Stored data:
*** Block opens ***

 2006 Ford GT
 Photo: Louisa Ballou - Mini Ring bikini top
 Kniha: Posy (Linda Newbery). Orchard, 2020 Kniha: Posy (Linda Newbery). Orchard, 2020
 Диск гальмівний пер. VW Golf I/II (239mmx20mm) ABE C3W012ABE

*** Block closes ***

Problem details: The required output is every line from the one that holds "Photo: Louisa Ballou - Mini Ring bikini top" through the last line of the listing above, retyped exactly and with nothing else.

Response area:
 Photo: Louisa Ballou - Mini Ring bikini top
 Kniha: Posy (Linda Newbery). Orchard, 2020 Kniha: Posy (Linda Newbery). Orchard, 2020
 Диск гальмівний пер. VW Golf I/II (239mmx20mm) ABE C3W012ABE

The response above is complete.